If DiceVaders takes Balatro’s scoring, then Gambonanza borrows almost everything else, including its aesthetics and basic premise of spicing up a classic game—in this case, chess. From the trippy tie-dye backgrounds to the look of its shop and progression, it doesn’t attempt to hide its influences, something that would feel a bit cheap if it weren’t for how fundamentally different chess is from poker. Here, you accrue chess pieces and powerful modifiers called Gambits that let you break the rules of the game. For instance, a particularly busted Gambit grants the ability to take extra turns after taking a piece with a bishop, essentially turning the game into checkers as you skip across half your enemy’s board. Where things get tricky is that when you lose a piece, it’s gone for good, which is particularly brutal given that you start with only three. It’s easy enough to get more, and many Gambits are geared around doing just that, but these contests become particularly tense because in the later, more difficult matches, you’ll inevitably need to make sacrifices to win. This experience is very much geared at roguelike-heads who were also in the chess club; that Venn diagram is probably close to a circle.

While this trio all offer very different takes on run-based experiences, not all of the standouts are from this genre, thankfully.

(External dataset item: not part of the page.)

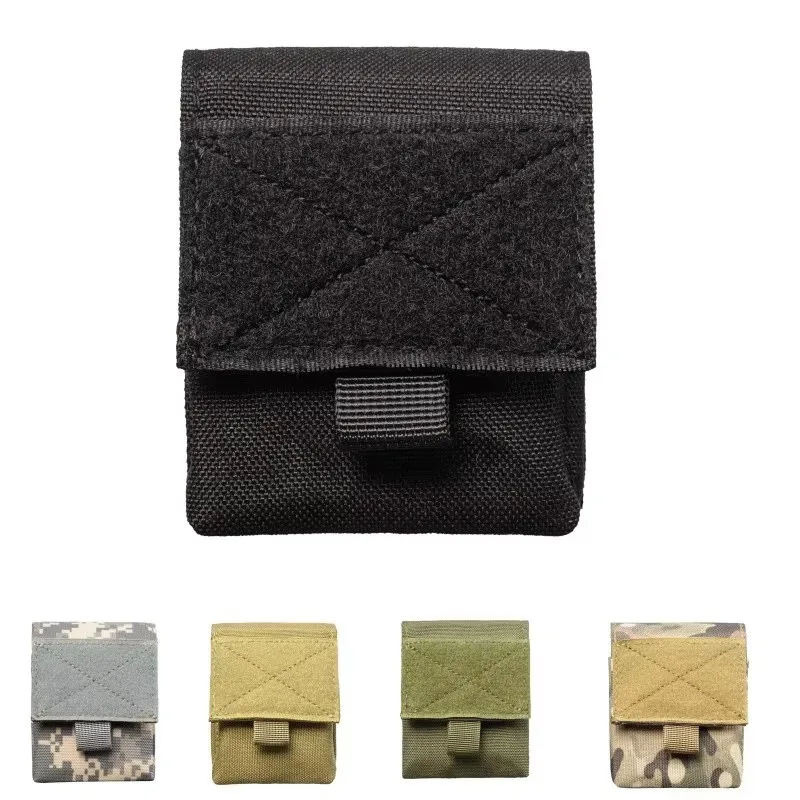Tactical Molle Pouch Utility EDC Gadget Gear Bag Cigarette Pouch Holde Nylon high quality pouch Belts can be worn multicolor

One title playing into a more old-school design is Heavy Metal Death Can, a low-poly survival horror game set on a doomed submarine. Here, fixed camera angles combine with cramped corridors to bring the pain as you solve puzzles, track down keys, and just generally make like Jill Valentine while trying to avoid becoming lunch. The whole “Death Can” element of the title is not an exaggeration, because this demo is truly brutal, throwing many zombies and considerably less ammo your way as the undead lurch into the frame to take a chunk out of the heroine. While there are certainly modernizations involved, like the ability to switch from tank controls to a smoother control scheme, there are still many old-school flourishes—like in the original Resident Evil games, you need to use a consumable item to save. When combined with the fixed camera and sense of claustrophobia, Heavy Metal Death Can reminds us that submarines are a nightmare that should be avoided at all costs.

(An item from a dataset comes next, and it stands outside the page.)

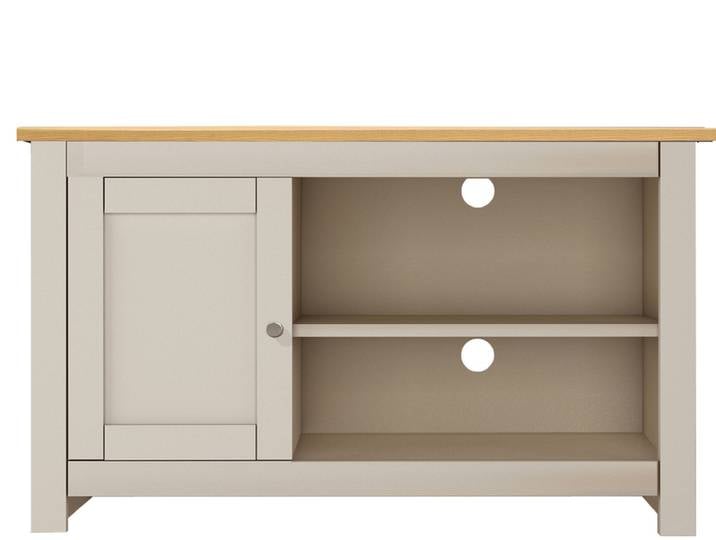 Lowboard EMERALD 95 x 39 x 58 cm Creme/Eichefarben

On the lighter side, another promising non-roguelike from the event is People Of Note, a music-themed RPG. You play as Cadence, an up-and-coming popstar on a quest to assemble the ultimate band in a world where songs can be used as weapons. At first blush, it can be tempting to brush aside the game’s rhythm elements as basically indistinguishable from the Mario RPGs and other turn-based games with timing elements, but there turns out to be a bit more going on here. For instance, each of your party members, who play distinct genres of music, will take center stage at different points in battle, giving their moves a significant boost as the soundtrack shifts to complement their sound. Playing with, not against, these shifts in the music is the key to battle, adding compelling decisions around when you want to spend your mana equivalent to perform showy solos. This February’s Steam Next Fest may showcase an overrepresentation of roguelikes, but considering there’s at least one game where characters work out their differences through musical numbers, it’s clear some developers are still looking for what’s next.